La realtà di Betlemme resta tuttavia tra le migliori nell’insieme delle città palestinesi della Cisgiordania, dove incursioni, arresti, distruzioni di proprietà sono quotidiani. Anche per le comunità cristiane presenti sul territorio. Il Natale di quest’anno ha riportato qualche migliaio di turisti e di credenti nella città sacra, ancora troppo pochi per risollevare anche minimamente la deteriorata economia del territorio. Oggi, il viaggio di ritorno a Nazareth da Betlemme di Maria, Giuseppe e Gesù bambino sarebbe impossibile per una famiglia palestinese. Un muro divide le due città, insieme a check-points, cancelli, e militari israeliani.
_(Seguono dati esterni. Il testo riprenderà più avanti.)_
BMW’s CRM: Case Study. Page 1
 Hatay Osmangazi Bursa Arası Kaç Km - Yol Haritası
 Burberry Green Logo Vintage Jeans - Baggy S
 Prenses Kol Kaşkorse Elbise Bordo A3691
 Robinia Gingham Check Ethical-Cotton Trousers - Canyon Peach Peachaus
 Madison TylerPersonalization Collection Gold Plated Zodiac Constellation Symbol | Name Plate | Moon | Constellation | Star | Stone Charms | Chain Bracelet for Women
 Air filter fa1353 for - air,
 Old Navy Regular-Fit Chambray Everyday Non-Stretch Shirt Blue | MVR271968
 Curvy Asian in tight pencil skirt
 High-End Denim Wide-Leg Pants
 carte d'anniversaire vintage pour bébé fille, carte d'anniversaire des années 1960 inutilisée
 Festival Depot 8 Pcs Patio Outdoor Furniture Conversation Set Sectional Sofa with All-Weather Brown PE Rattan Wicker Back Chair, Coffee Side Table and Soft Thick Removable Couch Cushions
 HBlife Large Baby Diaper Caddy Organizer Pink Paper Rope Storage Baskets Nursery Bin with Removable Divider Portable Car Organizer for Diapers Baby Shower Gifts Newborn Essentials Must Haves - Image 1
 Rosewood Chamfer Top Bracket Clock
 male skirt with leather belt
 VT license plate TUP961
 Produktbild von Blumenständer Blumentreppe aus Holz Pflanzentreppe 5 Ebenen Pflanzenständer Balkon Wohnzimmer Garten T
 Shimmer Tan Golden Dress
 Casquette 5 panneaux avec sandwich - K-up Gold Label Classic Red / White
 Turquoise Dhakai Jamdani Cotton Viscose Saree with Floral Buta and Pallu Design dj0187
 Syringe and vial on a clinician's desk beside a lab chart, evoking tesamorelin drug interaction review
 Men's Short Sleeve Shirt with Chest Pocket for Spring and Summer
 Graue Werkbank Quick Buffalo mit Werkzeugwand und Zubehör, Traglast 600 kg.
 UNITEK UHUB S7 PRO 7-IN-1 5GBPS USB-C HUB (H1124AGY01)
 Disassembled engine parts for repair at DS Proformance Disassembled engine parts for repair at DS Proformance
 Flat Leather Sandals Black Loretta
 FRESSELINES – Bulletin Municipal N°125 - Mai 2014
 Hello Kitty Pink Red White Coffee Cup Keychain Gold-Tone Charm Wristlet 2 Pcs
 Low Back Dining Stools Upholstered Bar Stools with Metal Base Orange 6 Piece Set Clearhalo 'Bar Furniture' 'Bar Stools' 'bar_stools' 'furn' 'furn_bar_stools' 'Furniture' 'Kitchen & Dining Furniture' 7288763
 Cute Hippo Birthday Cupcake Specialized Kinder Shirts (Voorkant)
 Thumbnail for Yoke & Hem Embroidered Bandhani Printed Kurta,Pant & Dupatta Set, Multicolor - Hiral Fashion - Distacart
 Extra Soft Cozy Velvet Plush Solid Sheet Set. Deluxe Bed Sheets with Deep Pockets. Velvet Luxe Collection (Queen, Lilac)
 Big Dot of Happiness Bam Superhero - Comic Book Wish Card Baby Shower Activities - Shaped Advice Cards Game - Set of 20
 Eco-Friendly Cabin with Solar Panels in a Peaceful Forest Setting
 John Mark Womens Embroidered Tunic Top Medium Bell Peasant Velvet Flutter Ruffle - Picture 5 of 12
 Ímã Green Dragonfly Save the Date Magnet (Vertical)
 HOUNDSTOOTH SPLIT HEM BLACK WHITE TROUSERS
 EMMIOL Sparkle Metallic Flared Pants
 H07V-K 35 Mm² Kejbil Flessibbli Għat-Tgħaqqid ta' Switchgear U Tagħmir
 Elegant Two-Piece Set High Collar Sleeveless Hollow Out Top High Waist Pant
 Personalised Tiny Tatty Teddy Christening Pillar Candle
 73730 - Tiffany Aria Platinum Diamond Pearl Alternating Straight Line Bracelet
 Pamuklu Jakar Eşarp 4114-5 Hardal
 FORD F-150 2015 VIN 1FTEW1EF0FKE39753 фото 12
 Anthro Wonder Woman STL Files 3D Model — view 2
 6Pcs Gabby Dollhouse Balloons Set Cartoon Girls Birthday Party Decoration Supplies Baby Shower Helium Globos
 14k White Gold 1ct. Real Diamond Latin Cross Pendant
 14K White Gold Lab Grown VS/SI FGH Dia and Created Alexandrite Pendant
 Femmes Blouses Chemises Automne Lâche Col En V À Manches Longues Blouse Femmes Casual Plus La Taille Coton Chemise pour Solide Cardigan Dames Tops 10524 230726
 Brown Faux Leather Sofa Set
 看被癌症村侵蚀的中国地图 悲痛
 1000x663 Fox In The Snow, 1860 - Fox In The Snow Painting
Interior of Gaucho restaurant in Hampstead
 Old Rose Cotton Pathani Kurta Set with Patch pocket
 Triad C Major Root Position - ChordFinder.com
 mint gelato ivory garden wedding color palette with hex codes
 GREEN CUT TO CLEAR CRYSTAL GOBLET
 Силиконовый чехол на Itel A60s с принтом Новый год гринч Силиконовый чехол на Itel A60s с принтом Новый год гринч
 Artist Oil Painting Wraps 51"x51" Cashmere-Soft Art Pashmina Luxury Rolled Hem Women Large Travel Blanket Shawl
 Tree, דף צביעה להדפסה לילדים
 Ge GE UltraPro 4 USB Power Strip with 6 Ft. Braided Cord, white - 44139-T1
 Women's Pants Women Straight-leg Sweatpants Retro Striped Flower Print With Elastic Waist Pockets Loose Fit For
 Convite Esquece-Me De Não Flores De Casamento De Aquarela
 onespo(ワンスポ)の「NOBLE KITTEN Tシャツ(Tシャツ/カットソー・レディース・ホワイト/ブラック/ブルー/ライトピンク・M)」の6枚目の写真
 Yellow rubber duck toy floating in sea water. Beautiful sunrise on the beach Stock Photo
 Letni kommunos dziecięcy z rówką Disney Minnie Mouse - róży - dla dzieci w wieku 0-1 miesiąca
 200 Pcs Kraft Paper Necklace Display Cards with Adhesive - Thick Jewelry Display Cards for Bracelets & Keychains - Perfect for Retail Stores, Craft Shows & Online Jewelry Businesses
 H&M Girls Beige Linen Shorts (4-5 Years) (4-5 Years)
Una comunità cristiana sotto attacco
[1]«Da Gerusalemme invio saluti agli amici cristiani i tutto il mondo» dice Benjamin Netanyahu in un video [2] pubblicato ieri. «Qui, dalla terra santa, Israele. Il solo stato del Medio Oriente dove la comunità cristiana sta prosperando. Il solo stato dove i cristiani possono celebrare la loro fede con pieni diritti e totale libertà. Dove i pellegrini cristiani sono accolti a braccia aperte, dove possono celebrare propriamente le loro tradizioni, apertamente e senza paura». Un messaggio, quello del primo ministro israeliano, in totale contraddizione con la realtà che vivono i circa 50mila cristiani residenti in Palestina Occupata.
Un tempo comunità fiorente, secondo il censimento del 2017, il numero dei cristiani che vivono nella Cisgiordania occupata, a Gerusalemme Est e a Gaza è ora inferiore a 50.000, pari a circa l’1-2% della popolazione. All’inizio del XX secolo, i cristiani costituivano circa il 12% della popolazione. Tuttavia, l’occupazione illegale della Cisgiordania da parte di Israele ha messo sotto pressione le comunità, creando difficoltà economiche e privandola delle condizioni necessarie per vivere sulla propria terra, spingendo molte famiglie a cercare una vita più stabile all’estero. La maggior parte dei cristiani palestinesi vive in Cisgiordania e a Gerusalemme Est, per un totale di circa 47.000-50.000 persone, a cui se ne aggiungevano altre 1.000 a Gaza prima della guerra.
[3]La vita dei cristiani in Palestina è la stessa che soffrono tutti i palestinesi. Nei giorni precedenti, nella città settentrionale di Haifa, in Israele, i momenti di festa nel quartiere cristiano palestinese di Wadi al-Nisnas sono degenerati nel caos quando la polizia israeliana ha fatto irruzione nella zona [4], arrestando e picchiando i residenti, secondo quanto riportato da filmati e testimonianze oculari condivisi online. Nei video [5] si vede un uomo – palestinese – vestito da Babbo Natale venire spinto a terra e ammanettato dalla polizia israeliana, insieme a un DJ e a un venditore ambulante. Le famiglie che si preparavano al Natale sono state accolte con la forza e gli arresti in un incidente che riflette la routine di persecuzione delle comunità palestinesi, anche durante le festività religiose.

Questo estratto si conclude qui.